Baseball and Muffins

Scenes from the governmentwide war on waste.

In this month's cover story, Joe Marks takes an indepth look at President Obama's campaign to tackle wasteful government spending, a de rigeur move for presidential administrations made all the more pressing today by the depth of the country's fiscal woes.

The Obama administration is making every effort to drum up public support for its anti-waste, pro-efficiency crusade, including riding on the coattails of Hollywood hits like the movie Moneyball, which opened this fall.

The film, based on the Michael Lewis book of the same name, stars Brad Pitt in the role of Oakland A's general manager Billy Beane, who is portrayed as a heroic challenger to baseball's conventional wisdom for adopting new methods of evaluating players and assessing overall team strengths. His approach, the story goes, enabled his small-market club to compete against much better capitalized behemoths like the New York Yankees.

In September, Shelley Metzenbaum of the Office of Management and Budget took to the agency's blog to argue that the administration "has been taking its own Moneyball approach to management, driving performance and, ultimately, saving money."

"Like Beane, who understood that his goal was to win games-not hit the most home runs-government agencies must learn to be clear about what they want to accomplish and not get stuck in the rut of doing what they have always done,"

Metzenbaum wrote. "That means setting real, achievable goals that align with agency mission, and sticking to them."

But at the same time the administration was touting its Moneyball prowess, it had to deal with a media feeding frenzy around one of those irresistible stories of money allegedly ill-spent: The Tale of the $16 Muffin.

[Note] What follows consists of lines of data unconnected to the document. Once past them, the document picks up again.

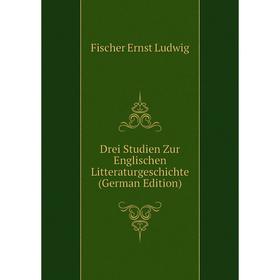 

Книга Drei Studien Zur Englischen Litteraturgeschichte (German Edition). Fischer Ernst Ludwig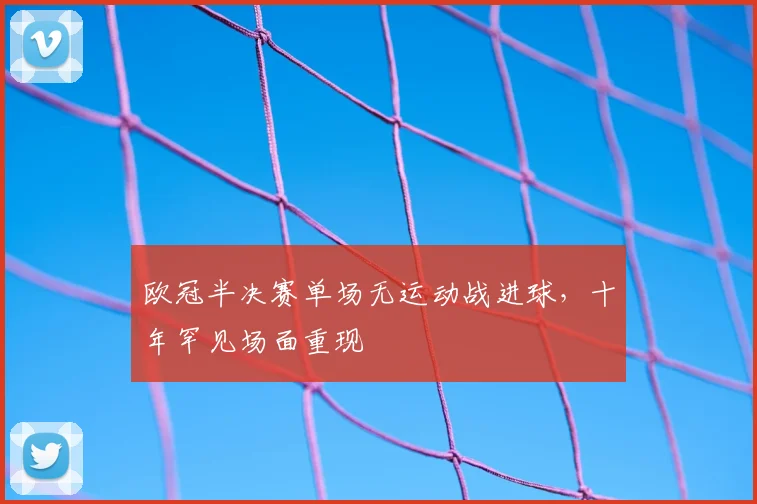 欧冠半决赛单场无运动战进球，十年罕见场面重现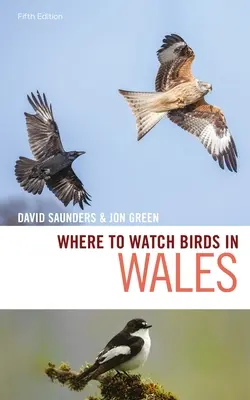 Hol figyelhetjük meg a madarakat Walesben - Where to Watch Birds in Wales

It started when the Justice Department inspector general's office released a report on conference spending. The report found that in fiscal 2008 and 2009, Justice organizations hosted or participated in 1,832 conferences costing a total of $121 million. IG auditors reviewed 10 events between October 2007 and September 2009, and said they found several instances of "costly meals, refreshments or themed breaks that we believe were indicative of wasteful or extravagant spending."

So far, so much bureaucratic detail in yet another dry audit. But the report happened to include one minor detail: At one conference, the IG's analysis of spending records showed, officials had spent $16 apiece on muffins. And with that a bigger-than-life anecdote was born, one that fueled hundreds of news stories, dozens of cable TV talkfests and scores of blog outbursts.

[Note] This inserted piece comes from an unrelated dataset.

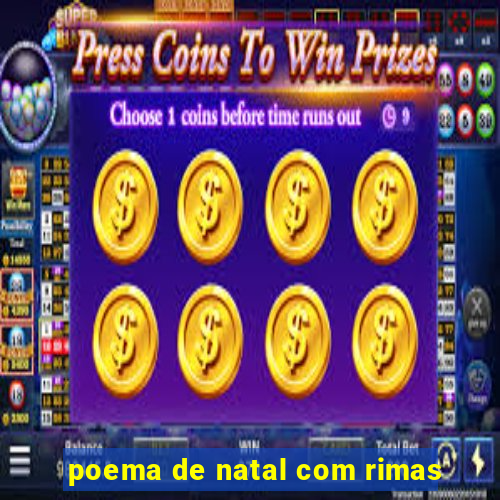 poema de natal com rimas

Within a day, the Obama administration ordered all federal agencies to review their conference-related activities and expenses. In December, at the next meeting of the administration's Campaign to Cut Waste, agency heads will be required to report on what they're doing to get such spending under control.

There's just one thing: The Justice Department didn't really spend $16 on muffins. Shortly after the muffin story broke, the Associated Press reported that Hilton Worldwide, accused in the IG report of charging the extravagant prices, said auditors had misinterpreted its invoices. The prices it charged included not just baked goods but fresh fruit, coffee, tea, soft drinks, tax and tips.

It's impossible to know at this stage how much money agencies will spend trying to figure out whether they're wasting money on conferences. But one thing's for sure: It'll buy a lot of muffins.